A kind, generous and good person died recently. Her name was Sara Beaty. Sara’s husband, John, was a career military man before the family returned to Dallas, North Carolina more than two decades ago. Sara stood by her courageous husband, an Air Force pararescue veteran of more than twenty years. Among his jobs was to recover downed pilots in dangerous areas, even deep in enemy territory. These courageous men are deservedly respected and admired. But what about their wives and children? Sara and many strong women like her have held their families together while their husbands served our country with honor and distinction. They are our other heroes.
When I was in Vietnam in 1968 my wife Carla and our infant daughter, Anna, also lived in Dallas, or in the countryside nearby. In October I wrote to my mother and asked if she would order flowers for Carla’s birthday from Rhyne’s Florist on the Lower Dallas Road and have them delivered to Carla’s parents’ home on Kiser Road. It never occurred to me that the Department of Defense contracted with taxi companies to deliver telegrams advising families that their sons or husbands or brothers had been killed in action and wouldn’t be returning home as they had so bravely proclaimed before getting on the planes that carried them to Southeast Asia.
In my mind I can see my young wife holding our daughter as the cab turned off Kiser Road and onto the long, gravel drive that led to her parents’ rural home. She says she returned Anna to her crib and stood by the door with quivering lips and tears running down her cheeks as she braced herself for the gut-wrenching news.

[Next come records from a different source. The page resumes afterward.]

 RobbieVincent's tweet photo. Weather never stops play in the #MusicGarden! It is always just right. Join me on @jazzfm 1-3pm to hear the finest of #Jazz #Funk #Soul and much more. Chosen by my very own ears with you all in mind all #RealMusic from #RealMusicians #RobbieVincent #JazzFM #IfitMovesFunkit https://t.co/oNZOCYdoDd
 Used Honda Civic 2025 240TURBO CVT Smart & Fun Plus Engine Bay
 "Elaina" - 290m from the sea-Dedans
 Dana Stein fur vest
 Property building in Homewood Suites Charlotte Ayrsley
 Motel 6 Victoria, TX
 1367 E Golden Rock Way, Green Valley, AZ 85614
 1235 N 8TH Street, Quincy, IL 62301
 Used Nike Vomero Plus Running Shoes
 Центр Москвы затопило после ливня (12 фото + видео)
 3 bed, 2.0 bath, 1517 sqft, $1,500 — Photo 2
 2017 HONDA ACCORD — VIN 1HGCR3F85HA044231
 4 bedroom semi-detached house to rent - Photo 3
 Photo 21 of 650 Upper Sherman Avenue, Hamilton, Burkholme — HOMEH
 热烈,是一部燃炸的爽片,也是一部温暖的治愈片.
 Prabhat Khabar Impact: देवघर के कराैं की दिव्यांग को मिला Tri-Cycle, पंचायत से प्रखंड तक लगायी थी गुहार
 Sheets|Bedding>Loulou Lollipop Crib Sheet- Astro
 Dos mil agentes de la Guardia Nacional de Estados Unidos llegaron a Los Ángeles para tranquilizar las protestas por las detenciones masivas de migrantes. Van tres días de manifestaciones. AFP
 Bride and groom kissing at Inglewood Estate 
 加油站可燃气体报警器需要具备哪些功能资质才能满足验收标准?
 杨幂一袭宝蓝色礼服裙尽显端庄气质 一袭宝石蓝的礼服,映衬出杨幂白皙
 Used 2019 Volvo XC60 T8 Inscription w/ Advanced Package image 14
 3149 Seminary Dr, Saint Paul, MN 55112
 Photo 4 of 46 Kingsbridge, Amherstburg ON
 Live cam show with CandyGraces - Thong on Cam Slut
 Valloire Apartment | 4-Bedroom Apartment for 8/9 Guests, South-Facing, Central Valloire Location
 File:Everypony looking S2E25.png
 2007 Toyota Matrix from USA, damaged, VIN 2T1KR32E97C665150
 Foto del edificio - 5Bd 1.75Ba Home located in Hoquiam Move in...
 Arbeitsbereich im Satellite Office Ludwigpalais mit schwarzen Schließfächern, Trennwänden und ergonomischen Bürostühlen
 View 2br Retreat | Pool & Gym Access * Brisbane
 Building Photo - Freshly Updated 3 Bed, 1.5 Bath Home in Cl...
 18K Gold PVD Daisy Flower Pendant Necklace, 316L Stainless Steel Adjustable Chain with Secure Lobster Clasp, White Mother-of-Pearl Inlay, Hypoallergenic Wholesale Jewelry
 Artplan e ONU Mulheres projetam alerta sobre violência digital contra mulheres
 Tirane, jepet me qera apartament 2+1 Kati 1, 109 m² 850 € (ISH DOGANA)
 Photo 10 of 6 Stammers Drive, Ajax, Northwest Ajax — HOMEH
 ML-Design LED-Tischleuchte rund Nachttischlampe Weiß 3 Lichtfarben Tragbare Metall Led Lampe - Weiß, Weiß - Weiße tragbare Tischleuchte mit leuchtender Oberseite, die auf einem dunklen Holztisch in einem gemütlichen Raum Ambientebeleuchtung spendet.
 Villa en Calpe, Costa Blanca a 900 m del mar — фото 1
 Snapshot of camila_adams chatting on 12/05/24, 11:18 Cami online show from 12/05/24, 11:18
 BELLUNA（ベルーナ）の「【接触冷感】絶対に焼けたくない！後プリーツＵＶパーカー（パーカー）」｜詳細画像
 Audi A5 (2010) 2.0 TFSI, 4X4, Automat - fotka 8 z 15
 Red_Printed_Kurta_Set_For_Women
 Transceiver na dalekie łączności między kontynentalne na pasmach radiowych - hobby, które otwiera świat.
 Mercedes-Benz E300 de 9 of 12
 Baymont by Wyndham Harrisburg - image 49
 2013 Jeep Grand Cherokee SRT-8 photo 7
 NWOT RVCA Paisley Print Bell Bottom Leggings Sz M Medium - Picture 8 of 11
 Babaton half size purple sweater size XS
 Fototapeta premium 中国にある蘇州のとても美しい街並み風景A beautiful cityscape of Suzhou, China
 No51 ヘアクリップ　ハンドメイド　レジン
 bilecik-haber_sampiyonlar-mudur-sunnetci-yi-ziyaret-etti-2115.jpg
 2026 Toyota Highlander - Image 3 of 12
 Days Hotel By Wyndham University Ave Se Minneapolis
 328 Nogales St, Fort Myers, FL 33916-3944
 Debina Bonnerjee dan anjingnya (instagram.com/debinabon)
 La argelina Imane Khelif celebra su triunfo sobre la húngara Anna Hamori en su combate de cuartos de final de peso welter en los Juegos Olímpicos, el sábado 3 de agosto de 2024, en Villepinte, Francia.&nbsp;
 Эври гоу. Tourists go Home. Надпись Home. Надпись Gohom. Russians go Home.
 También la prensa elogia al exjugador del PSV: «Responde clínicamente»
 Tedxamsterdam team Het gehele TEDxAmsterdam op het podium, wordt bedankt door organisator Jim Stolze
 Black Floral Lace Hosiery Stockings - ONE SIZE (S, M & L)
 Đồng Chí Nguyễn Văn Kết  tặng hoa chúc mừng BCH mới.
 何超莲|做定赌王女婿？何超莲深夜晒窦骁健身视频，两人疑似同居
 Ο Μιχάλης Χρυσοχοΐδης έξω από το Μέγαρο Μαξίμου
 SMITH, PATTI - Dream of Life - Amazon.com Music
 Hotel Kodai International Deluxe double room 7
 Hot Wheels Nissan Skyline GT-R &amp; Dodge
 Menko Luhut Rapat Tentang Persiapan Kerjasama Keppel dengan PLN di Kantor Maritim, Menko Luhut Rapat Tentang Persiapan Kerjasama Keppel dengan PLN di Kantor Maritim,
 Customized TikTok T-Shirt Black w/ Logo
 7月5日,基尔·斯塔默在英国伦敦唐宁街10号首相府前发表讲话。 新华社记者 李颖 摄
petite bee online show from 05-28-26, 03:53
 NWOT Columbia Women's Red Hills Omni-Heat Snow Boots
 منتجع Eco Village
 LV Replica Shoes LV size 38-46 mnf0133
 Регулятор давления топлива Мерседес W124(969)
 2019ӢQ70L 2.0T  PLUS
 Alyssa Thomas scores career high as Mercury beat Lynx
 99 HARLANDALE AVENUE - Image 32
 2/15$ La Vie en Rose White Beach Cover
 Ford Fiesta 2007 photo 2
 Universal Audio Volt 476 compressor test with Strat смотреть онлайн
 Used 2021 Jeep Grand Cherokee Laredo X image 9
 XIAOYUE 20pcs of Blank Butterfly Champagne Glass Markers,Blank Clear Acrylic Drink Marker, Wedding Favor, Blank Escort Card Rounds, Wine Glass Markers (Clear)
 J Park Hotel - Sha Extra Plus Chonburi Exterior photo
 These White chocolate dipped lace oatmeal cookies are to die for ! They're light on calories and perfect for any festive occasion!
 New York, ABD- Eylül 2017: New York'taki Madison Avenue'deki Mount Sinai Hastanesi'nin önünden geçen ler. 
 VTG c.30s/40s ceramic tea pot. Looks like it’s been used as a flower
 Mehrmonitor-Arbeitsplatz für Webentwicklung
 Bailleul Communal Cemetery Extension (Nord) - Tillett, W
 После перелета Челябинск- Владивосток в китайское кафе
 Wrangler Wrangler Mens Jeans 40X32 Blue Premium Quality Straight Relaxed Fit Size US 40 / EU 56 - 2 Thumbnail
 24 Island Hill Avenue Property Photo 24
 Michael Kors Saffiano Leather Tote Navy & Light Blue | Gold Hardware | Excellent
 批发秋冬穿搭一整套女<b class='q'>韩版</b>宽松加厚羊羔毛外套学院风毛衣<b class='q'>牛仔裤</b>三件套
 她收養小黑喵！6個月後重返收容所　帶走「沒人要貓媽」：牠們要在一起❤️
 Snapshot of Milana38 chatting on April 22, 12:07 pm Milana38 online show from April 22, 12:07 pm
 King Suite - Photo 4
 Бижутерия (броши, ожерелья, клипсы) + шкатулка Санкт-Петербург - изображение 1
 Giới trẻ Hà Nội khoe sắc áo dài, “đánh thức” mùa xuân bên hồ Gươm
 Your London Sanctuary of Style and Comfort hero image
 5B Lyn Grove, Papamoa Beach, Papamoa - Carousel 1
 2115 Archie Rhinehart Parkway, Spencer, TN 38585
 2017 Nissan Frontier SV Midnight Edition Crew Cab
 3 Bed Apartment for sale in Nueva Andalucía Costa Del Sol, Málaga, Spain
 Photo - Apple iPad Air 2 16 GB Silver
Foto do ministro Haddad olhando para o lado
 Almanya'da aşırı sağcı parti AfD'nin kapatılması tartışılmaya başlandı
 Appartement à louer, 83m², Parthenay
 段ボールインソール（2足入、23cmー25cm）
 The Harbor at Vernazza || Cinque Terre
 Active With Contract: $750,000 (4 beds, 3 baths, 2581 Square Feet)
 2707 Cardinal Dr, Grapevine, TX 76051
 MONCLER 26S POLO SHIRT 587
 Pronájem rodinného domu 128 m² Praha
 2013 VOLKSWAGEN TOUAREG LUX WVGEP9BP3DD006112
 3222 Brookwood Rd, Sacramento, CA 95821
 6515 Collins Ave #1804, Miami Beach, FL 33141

But it was flowers for her birthday, of all things, that the cab driver was carrying. The fear and grief quickly turned to anger at her incredibly stupid husband.
My grandmother’s sister was named Dixie. I naturally called her Aunt Dixie. Her husband was my Uncle Frank, who was a surrogate father to my father and more like a grandfather to me. When I was very young I loved to go to Aunt Dixie’s house and eat with my cousins, so many I could never count them. Aunt Dixie and Uncle Frank had nine children and countless grandchildren. She cooked in pots that were as big as trash cans, mostly beans and cornbread. I remember sitting on their front porch in Ranlo one holiday weekend, four rows back from Rex Mill #2. It was either Memorial Day or the Fourth of July, in the early 1950s. We had eaten our fill at Aunt Dixie’s table and were enjoying watermelon on the front porch. My father was playing a guitar and someone was picking a banjo. My grandmother, Aunt Dixie, and Uncle Frank were sitting in rocking chairs. As we sat there I noticed that they seemed sad, and I later asked my father about it. He said they were remembering their oldest son, who was killed in World War II. He was just a little older than my father, and he played the banjo.
For the heroes left behind, the grieving parents, the wives and children, brothers and sisters, sons and daughters, the pain never fully subsides. Memorial Day thus comes with stark memories that are deeply painful. As we remember those who gave the last full measure for their country—and we should—let’s also remember the people who loved them and who love them still. The sacrifices they have made are impossible to measure and harder still to describe, reminding us that freedom is never free. Its price is the blood of our brave men and women in uniform and the profound sacrifices of their families.